Question

A parallel-plate capacitor is charged and then is disconnected from the battery. By what factor does the stored energy change when the plate separation is then doubled?

Answer 1

0.5

Step-by-step explanation:

The energy of a charged capacitor is given by
`(1)/(2)QC` where
`Q` is the charge on it and
`C` is its capacitance. The capacitance is defined, geometrically, as

`(\epsilon A)/(d)`

where
`\epsilon` is a constant that is determined by the material between the plates,
`A` is the area of the plates and
`d` is the distance between them.

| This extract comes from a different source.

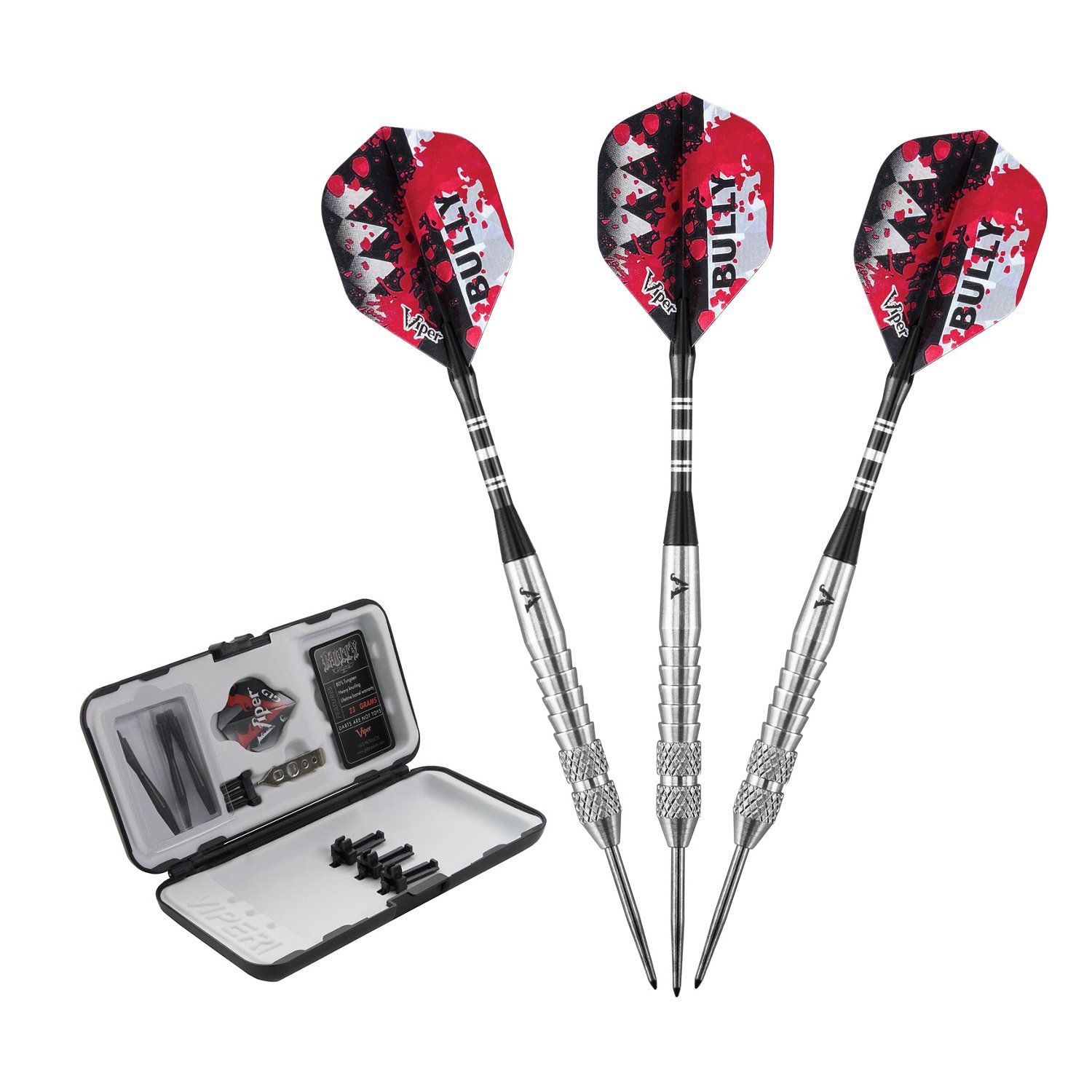 Viper Bully SteelTip Darts 3Pack Academy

It is then that the capacitance is linearly inversely proportional to the separation distance; as the distance increases, the capacitance reduces.

Because it is linear, when the separation distance is doubled, other factors remaining constant, the capacitance is halved. Because the capacitance is halved, the energy is halved.

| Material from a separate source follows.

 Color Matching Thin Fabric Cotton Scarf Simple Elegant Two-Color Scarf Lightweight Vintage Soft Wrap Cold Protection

Let's see the mathematics.

Initial capacitance,
`C_1` at initial separation,
`d_1`

`C_1=(\epsilon A)/(d_1)`

If separation is doubled, separation becomes
`d_2=2d_1`. Then the capacitance becomes

`C_2=(\epsilon A)/(d_2)`

`C_2=(\epsilon A)/(2d_1)`

`C_2=0.5(\epsilon A)/(d_1)`

`C_2=0.5C_1`

Initial energy,
`E_1=(1)/(2)QC_1`

Final energy,
`E_2=(1)/(2)QC_2= (1)/(2)Q*0.5C_1`

`E_2=0.5*(1)/(2)QC_1=0.5E_1`

Hence,
`(E_2)/(E_1)=0.5`